**ABOUT THIS TASK**
The pictures are to be left out when the listing below is reproduced word for word.

**AVAILABLE DATA**

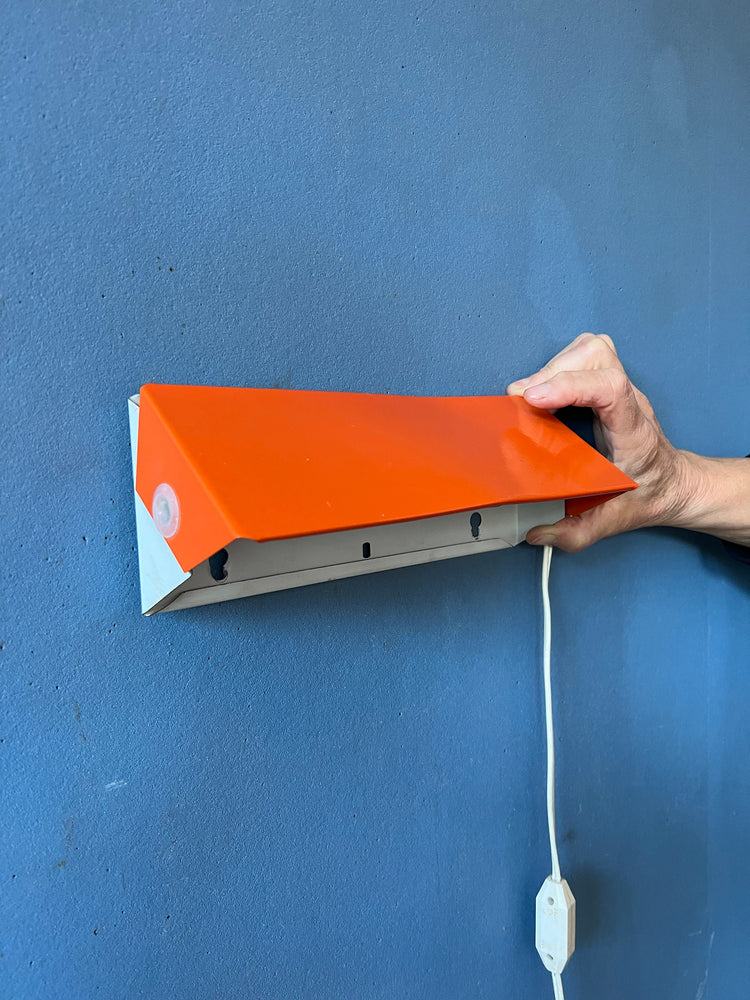 Small Mid Century Red/Orange Wall Lamp by Anvia / Bedside Light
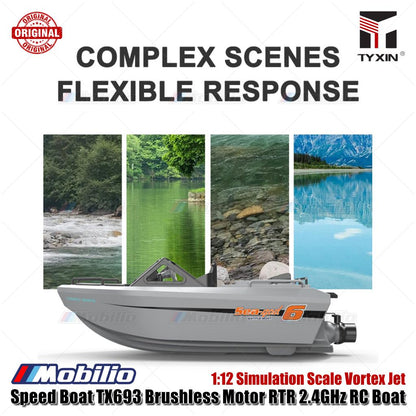 Perahu Cepat TX693 Motor Tanpa Sikat RTR Perahu RC 2.4GHz Skala Simulasi 1:12 Jet Vortex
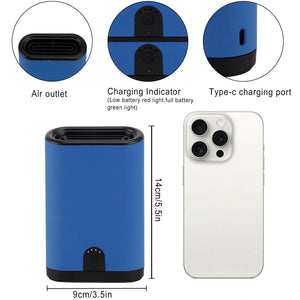 Portable ozone generator air purifier, blue cylindrical JHY DESIGN unit with air outlet; smartphone included.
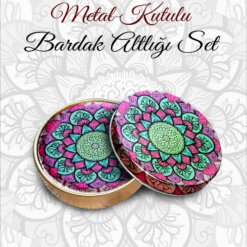 mandala desenli yuvarlak bardakaltı set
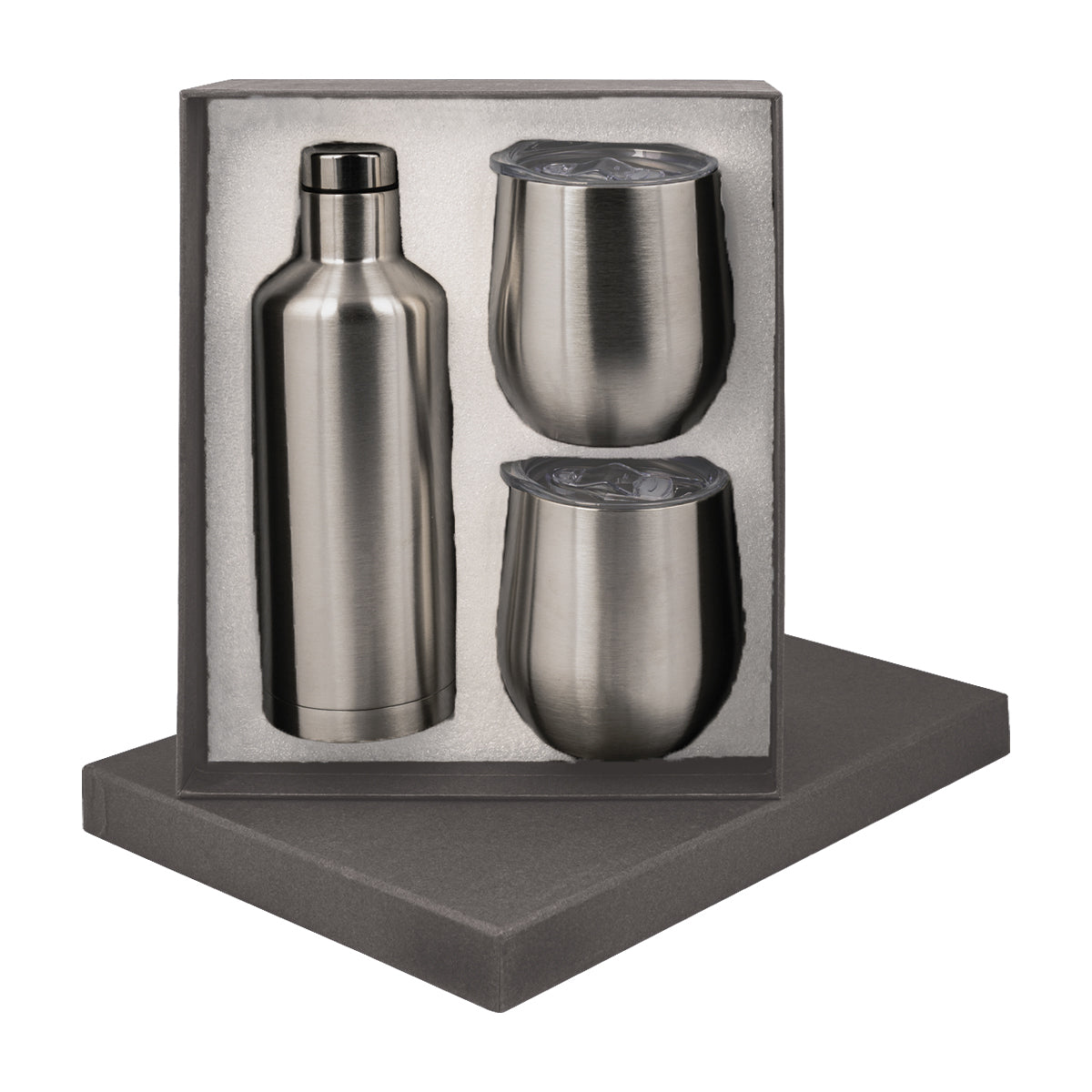 Manhattan Flask & x2 Mug Gift Set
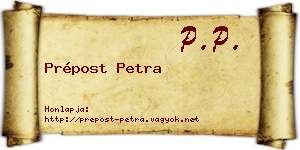 Prépost Petra névjegykártya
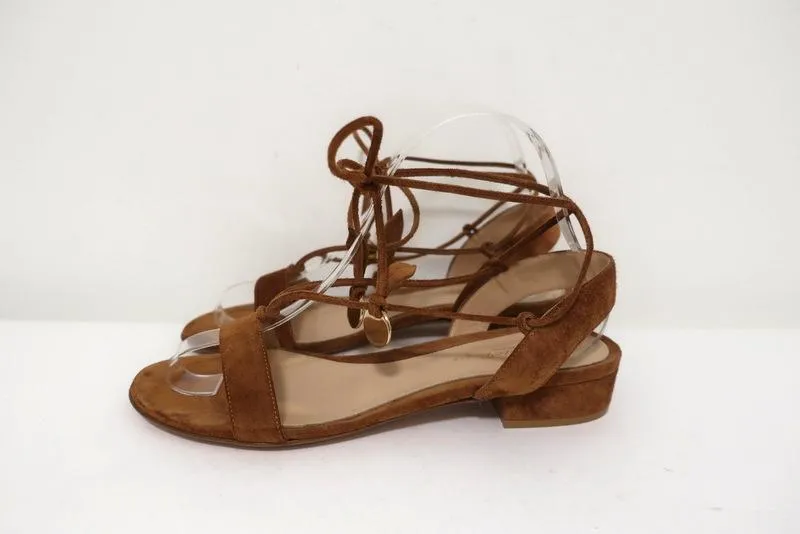 Gianvito Rossi Cherry Ankle-Tie Sandals Brown Suede Size 37.5 Slingback Flats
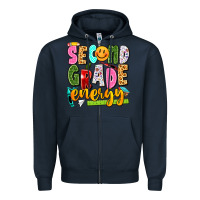 Navy second grade energy Zipper Hoodie - texasbilliewilder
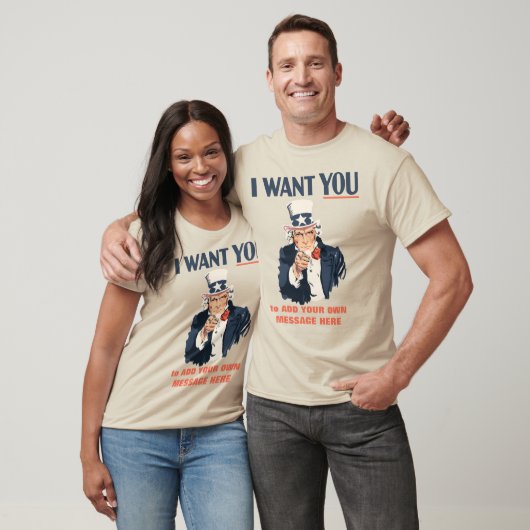Grappig Uncle Sam Patriotic Custom Bericht T-shirt (Unisex)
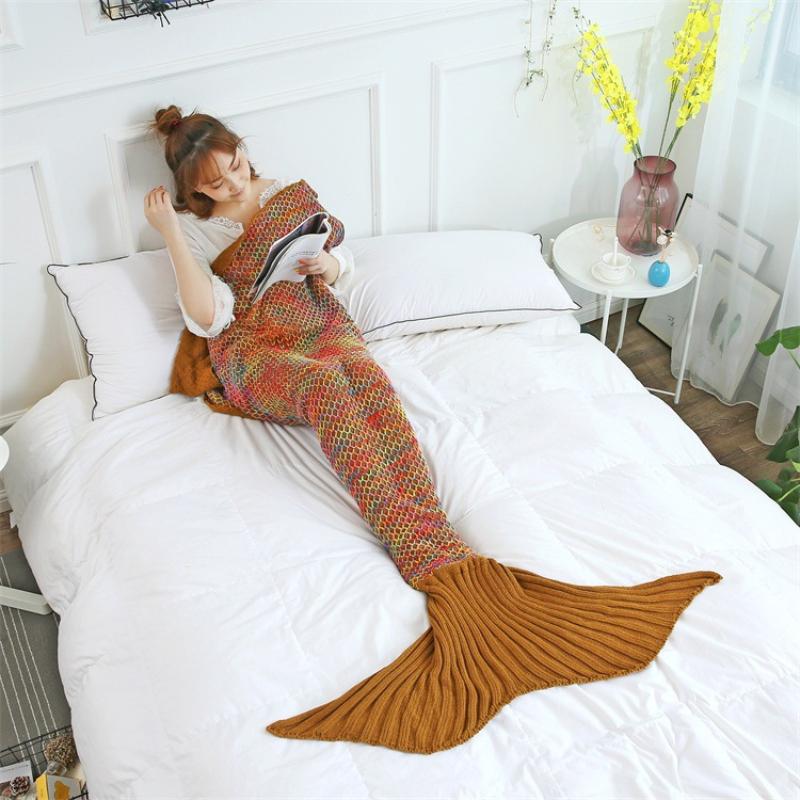 Modern Striped Fish Scale Sleeping Blanket Mermaid Tail Sleeping Bag Knitted Blanket Leisure Office Nap Air Conditioning Blanket Sofa Bed Towel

**RESPONSE TO THE EXERCISE**
 Small Mid Century Red/Orange Wall Lamp by Anvia / Bedside Light
 Perahu Cepat TX693 Motor Tanpa Sikat RTR Perahu RC 2.4GHz Skala Simulasi 1:12 Jet Vortex
 Portable ozone generator air purifier, blue cylindrical JHY DESIGN unit with air outlet; smartphone included.
 mandala desenli yuvarlak bardakaltı set
 Manhattan Flask & x2 Mug Gift Set
 Prépost Petra névjegykártya
 Gianvito Rossi Cherry Ankle-Tie Sandals Brown Suede Size 37.5 Slingback Flats
 Navy second grade energy Zipper Hoodie - texasbilliewilder
Grappig Uncle Sam Patriotic Custom Bericht T-shirt (Unisex)
 Modern Striped Fish Scale Sleeping Blanket Mermaid Tail Sleeping Bag Knitted Blanket Leisure Office Nap Air Conditioning Blanket Sofa Bed Towel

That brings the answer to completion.